## How to complete this task:
Below are lines of data, and only some are wanted. Please repeat exactly those from the line that has "Ausstellungsschrank,Moderner Glasvitrine Schrank,Wandmontierter" through the line that has "17, THE CRESCENT, BRIXTON, PLYMOUTH, PL8".

## Supplied data:

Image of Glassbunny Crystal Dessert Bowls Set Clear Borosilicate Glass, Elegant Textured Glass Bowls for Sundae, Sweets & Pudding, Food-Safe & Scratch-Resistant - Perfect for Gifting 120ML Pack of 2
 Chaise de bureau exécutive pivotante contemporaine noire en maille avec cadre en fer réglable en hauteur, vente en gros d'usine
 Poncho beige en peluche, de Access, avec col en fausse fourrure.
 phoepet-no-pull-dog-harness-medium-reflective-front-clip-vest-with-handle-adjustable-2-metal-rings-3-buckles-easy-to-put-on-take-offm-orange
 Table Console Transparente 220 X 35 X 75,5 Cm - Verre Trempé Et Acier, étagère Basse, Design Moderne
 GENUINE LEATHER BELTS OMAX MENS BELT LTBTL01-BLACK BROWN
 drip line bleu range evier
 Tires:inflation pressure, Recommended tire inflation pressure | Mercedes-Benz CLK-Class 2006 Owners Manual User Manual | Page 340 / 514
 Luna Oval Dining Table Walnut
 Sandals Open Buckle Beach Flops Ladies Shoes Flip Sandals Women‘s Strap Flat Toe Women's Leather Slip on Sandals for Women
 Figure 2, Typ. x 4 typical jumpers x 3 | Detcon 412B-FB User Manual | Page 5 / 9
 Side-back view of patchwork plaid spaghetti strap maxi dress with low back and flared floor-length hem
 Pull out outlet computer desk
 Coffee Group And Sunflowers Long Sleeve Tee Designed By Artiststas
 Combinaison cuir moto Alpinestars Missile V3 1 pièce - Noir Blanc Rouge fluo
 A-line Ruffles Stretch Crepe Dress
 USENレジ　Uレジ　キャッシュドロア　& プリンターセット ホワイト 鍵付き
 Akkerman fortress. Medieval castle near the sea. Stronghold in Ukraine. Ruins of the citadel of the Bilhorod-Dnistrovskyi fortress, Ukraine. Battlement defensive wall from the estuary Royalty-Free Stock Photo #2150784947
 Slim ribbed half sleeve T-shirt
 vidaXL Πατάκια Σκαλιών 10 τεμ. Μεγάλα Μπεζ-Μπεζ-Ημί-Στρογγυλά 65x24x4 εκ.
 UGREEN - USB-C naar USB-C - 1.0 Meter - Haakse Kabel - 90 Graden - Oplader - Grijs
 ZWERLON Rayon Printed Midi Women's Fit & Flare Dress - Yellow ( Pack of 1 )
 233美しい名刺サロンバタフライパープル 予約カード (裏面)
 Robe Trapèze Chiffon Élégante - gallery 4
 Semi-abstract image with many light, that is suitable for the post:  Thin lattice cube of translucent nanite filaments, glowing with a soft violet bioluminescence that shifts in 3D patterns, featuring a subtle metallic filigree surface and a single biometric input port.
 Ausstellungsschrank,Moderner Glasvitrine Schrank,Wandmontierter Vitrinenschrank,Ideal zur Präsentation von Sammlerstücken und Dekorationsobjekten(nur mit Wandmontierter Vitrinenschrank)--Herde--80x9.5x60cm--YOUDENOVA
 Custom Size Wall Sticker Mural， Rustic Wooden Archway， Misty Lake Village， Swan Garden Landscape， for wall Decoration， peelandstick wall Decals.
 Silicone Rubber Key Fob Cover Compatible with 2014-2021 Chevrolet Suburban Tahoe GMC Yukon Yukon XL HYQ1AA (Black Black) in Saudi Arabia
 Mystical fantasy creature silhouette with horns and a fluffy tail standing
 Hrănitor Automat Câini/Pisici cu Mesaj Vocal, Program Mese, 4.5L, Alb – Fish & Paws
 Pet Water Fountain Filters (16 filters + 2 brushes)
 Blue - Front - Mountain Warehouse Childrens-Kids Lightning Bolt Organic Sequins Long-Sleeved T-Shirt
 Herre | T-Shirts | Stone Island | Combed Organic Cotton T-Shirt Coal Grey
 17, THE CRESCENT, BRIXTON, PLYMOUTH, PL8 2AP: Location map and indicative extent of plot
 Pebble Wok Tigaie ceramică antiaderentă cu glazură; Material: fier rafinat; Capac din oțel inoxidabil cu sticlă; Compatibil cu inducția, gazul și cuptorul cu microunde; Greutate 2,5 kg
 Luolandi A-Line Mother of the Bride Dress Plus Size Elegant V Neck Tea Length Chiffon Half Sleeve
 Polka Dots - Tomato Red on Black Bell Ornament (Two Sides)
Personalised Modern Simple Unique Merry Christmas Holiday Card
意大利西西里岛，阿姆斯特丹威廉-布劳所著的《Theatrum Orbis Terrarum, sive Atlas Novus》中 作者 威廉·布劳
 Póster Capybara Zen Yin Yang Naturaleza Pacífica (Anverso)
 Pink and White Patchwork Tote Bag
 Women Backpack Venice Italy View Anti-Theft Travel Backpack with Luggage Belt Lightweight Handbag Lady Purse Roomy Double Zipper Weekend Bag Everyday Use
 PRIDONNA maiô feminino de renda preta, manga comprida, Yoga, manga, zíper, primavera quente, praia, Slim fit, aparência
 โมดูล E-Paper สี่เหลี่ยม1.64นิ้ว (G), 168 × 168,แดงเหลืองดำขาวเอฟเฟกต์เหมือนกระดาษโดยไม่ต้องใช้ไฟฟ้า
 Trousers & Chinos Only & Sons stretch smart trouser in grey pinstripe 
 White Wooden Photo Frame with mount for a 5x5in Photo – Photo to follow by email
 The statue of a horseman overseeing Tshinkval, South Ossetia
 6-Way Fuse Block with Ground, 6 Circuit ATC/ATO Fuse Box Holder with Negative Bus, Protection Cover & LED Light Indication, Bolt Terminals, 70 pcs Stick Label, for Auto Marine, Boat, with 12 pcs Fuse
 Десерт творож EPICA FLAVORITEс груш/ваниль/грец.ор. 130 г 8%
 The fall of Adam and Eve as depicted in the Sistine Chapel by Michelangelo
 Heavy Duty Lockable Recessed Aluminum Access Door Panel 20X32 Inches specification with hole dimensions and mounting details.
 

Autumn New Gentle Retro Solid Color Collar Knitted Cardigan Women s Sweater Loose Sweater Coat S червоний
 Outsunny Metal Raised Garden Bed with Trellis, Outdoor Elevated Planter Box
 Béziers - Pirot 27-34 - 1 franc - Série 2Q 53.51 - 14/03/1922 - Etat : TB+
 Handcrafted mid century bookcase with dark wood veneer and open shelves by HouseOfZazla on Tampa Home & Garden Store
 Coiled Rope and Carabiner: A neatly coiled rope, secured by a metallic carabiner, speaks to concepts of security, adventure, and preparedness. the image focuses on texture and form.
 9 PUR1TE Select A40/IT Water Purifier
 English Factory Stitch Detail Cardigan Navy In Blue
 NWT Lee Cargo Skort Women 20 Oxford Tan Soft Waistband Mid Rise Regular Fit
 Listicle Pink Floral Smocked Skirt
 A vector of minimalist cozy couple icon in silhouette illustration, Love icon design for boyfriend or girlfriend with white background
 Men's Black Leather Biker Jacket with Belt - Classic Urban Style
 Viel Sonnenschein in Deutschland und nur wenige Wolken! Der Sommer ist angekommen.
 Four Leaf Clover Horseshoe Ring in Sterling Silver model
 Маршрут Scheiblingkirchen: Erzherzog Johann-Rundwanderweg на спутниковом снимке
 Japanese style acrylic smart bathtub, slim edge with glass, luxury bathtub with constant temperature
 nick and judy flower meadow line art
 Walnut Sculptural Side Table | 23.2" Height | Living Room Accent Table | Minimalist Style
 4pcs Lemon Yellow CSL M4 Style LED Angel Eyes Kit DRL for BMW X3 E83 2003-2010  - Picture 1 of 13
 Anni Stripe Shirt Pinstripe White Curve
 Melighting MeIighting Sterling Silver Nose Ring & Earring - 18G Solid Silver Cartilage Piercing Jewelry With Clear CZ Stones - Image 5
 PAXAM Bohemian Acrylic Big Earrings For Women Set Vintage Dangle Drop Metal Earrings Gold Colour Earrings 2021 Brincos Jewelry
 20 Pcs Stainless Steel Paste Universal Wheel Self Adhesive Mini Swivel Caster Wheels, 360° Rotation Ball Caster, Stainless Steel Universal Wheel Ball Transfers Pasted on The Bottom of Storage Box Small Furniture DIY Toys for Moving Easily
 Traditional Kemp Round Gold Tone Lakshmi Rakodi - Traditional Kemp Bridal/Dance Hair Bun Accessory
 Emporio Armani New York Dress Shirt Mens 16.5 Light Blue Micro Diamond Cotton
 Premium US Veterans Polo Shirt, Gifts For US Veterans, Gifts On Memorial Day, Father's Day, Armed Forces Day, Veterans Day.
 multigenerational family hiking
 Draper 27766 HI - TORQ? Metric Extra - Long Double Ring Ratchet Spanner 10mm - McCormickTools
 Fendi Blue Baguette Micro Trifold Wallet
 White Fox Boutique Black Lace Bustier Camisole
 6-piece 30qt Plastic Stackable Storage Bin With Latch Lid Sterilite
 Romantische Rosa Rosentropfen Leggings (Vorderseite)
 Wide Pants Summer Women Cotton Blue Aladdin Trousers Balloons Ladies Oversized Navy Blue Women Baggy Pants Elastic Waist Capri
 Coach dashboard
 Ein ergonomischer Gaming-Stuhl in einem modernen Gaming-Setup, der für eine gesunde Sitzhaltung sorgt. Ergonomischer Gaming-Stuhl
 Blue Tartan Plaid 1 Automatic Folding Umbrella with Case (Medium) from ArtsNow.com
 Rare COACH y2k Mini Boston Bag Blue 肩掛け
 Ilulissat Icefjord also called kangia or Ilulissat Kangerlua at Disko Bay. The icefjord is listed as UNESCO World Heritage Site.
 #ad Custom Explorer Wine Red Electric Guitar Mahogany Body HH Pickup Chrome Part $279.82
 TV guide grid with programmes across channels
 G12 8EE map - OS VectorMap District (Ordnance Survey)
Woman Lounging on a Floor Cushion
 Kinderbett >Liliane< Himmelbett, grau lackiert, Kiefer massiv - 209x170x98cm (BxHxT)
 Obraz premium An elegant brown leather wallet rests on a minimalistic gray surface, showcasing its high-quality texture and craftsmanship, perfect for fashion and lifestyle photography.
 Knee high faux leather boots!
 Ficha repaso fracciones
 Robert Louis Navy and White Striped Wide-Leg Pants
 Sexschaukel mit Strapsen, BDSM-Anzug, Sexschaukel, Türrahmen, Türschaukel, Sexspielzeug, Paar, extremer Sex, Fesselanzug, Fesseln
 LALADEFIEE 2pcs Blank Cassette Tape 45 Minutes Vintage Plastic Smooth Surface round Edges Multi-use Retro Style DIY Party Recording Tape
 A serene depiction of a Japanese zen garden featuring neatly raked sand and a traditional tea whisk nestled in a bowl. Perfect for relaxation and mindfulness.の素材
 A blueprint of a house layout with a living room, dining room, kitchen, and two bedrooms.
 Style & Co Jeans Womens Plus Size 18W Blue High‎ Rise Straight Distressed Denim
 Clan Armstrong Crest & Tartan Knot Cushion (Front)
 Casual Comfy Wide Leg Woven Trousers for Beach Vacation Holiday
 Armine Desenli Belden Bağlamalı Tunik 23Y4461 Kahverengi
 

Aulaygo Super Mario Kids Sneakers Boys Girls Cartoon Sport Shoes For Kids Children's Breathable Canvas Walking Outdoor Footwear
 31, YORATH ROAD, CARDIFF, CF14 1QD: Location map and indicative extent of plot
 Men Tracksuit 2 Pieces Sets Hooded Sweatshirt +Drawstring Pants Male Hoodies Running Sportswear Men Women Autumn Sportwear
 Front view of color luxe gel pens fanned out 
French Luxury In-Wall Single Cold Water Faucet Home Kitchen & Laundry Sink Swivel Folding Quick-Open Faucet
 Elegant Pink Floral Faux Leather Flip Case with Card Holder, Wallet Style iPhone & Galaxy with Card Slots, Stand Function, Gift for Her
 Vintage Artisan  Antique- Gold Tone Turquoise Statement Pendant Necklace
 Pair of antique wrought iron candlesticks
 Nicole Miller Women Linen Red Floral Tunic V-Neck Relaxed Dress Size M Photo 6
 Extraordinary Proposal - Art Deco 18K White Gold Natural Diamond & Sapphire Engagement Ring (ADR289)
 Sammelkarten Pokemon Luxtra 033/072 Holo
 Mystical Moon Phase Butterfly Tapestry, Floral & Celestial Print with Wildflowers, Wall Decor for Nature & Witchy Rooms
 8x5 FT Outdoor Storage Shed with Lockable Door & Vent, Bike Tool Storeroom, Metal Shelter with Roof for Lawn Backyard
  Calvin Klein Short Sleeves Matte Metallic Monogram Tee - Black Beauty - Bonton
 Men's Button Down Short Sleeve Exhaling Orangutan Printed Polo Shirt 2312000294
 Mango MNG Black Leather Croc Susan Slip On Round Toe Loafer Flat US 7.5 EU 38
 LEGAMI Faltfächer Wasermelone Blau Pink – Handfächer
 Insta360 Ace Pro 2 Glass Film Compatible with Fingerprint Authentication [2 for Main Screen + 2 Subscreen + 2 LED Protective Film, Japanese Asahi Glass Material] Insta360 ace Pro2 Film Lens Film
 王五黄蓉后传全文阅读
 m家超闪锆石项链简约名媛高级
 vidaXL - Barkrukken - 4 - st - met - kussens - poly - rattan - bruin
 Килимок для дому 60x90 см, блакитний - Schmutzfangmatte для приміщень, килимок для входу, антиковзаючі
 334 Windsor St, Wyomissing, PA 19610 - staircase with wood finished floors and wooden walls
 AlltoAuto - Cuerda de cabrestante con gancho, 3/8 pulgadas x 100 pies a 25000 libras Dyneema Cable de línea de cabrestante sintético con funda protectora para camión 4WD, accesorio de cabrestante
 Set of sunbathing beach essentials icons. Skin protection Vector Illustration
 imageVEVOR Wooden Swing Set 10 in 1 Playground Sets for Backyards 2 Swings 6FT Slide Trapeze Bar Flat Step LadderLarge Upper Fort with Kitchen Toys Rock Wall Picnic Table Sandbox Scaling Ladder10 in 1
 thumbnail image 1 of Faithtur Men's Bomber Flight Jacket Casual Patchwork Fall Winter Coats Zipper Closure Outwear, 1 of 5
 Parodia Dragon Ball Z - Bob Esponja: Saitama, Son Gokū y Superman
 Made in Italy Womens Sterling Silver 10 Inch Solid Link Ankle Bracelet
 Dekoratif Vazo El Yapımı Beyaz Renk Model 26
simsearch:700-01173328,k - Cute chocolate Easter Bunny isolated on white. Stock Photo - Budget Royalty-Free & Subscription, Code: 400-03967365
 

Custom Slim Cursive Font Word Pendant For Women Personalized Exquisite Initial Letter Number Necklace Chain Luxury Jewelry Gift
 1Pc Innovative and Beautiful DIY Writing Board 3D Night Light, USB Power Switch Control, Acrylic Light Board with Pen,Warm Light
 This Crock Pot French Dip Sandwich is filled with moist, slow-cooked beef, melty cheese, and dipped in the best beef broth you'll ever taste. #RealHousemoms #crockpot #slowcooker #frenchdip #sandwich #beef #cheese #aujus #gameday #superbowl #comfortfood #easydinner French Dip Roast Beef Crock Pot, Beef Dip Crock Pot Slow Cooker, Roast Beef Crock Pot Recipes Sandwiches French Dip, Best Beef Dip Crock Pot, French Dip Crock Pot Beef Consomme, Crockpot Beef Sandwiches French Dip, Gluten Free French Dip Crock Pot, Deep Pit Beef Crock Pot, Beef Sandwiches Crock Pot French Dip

## Your response:
 Ausstellungsschrank,Moderner Glasvitrine Schrank,Wandmontierter Vitrinenschrank,Ideal zur Präsentation von Sammlerstücken und Dekorationsobjekten(nur mit Wandmontierter Vitrinenschrank)--Herde--80x9.5x60cm--YOUDENOVA
 Custom Size Wall Sticker Mural， Rustic Wooden Archway， Misty Lake Village， Swan Garden Landscape， for wall Decoration， peelandstick wall Decals.
 Silicone Rubber Key Fob Cover Compatible with 2014-2021 Chevrolet Suburban Tahoe GMC Yukon Yukon XL HYQ1AA (Black Black) in Saudi Arabia
 Mystical fantasy creature silhouette with horns and a fluffy tail standing
 Hrănitor Automat Câini/Pisici cu Mesaj Vocal, Program Mese, 4.5L, Alb – Fish & Paws
 Pet Water Fountain Filters (16 filters + 2 brushes)
 Blue - Front - Mountain Warehouse Childrens-Kids Lightning Bolt Organic Sequins Long-Sleeved T-Shirt
 Herre | T-Shirts | Stone Island | Combed Organic Cotton T-Shirt Coal Grey
 17, THE CRESCENT, BRIXTON, PLYMOUTH, PL8 2AP: Location map and indicative extent of plot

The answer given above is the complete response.